Los nuevos funcionarios no son unos desconocidos y poseen experiencia en la administración. Son Deb Haaland en Interior, Lloyd Austin en Defensa, Marty Walsh en Trabajo, Xavier Becerra en Salud, Tom Vilsack en Agricultura, Jennifer Granholm en Energía, Gina Raimondo en Comercio, Denis McDonough en Asuntos de Veteranos y John Kerry en Clima.

El problema consiste en que debido a los enfrentamientos por problemas urticantes, como el de género, la nueva administración es mirada por los católicos republicanos (más de la mitad del total) y por algunos miembros de la jerarquía con una enorme reticencia.

En el pasado cualquier católico hubiera elegido con los ojos cerrados un gobernante de su fe antes que a un protestante (y viceversa). Ahora preferirían sin pensarlo ver sentado a un republicano en esos sillones, sin importarles demasiado si pertenece o no a su propia confesión religiosa. La religión en cuanto tal ha resignado su prioridad.

La nueva situación pone al descubierto el hiato entre los fieles de sensibilidad conservadora que privilegian una cruzada contra la agenda de género (incluyendo el aborto) y los de talante progresista que centran su mirada en otros valores que consideran cruciales por el riesgo global que suponen para la humanidad, como por ejemplo el medio ambiente.

Algunos demócratas rechazan el orgullo LGTB en sus actitudes más radicales, pero no encuentran razones para prohibirlo, en cambio otros no solo no se oponen a su agenda, sino que la promueven aun en contra de las enseñanzas de la Iglesia.

De otra parte, hay que reconocer que sus oponentes conservadores, más preocupados por (lo que ellos entienden por) la ortodoxia doctrinal, minimizan cuestiones que tienen también una dimensión moral e involucran a la dignidad de la persona.
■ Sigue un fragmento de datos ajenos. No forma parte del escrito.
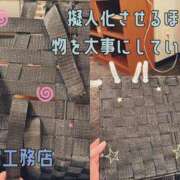 ヒメ日記 2026/01/26 12:12 投稿 海乃 おと☆沼落ちNO１ 雅(みやび)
El problema consiste en definir el rol de la religión y si ella puede hacer prevalecer criterios éticos cuando es la propia sociedad la que los rechaza como un contenido de su organización democrática.

Muchos documentos de la Santa Sede reivindican que la Iglesia tiene derecho a trazar juicios morales cuando estén en juego derechos fundamentales (por ejemplo la vida) y advierten a los fieles que en esos casos ellos no pueden prestarles su adhesión. Los conservadores exigen que la jerarquía intervenga en tales ocasiones, pero la pastoral de la Iglesia decidió hace rato que repartir excomuniones no es el camino más adecuado para la conversión de las almas.

La situación adquirió una alta tensión con motivo de la declaración con que la conferencia de obispos saludó la llegada de Biden al poder, que lejos de ser solo una expresión de buenos deseos, fue más allá porque puso sobre las íes –quizás un tanto apresuradamente– algunos de los puntos de dolor, dejando la llaga al descubierto.

Aunque el documento es sumamente cuidadoso y equilibrado, cayó como un rayo, al extremo de que algunas figuras de relieve de la propia Iglesia expresaron públicamente su desacuerdo por considerarlo inoportuno. El nudo es que el Papa muestra otra actitud con el nuevo presidente, pero no así la mitad de sus fieles norteamericanos. Si Biden insiste –como resulta previsible– en su postura proaborto, ¿qué hará Francisco?

Él ha advertido que la comunicación de la verdad evangélica a veces ha deformado su espíritu por un desborde activista fijado en cuestiones que no siempre son el lugar más importante de la vida cristiana. Pero también ha prevenido: no a la guerra entre nosotros, porque la unidad prevalece sobre el conflicto, y este no puede ser ignorado, sino asumido.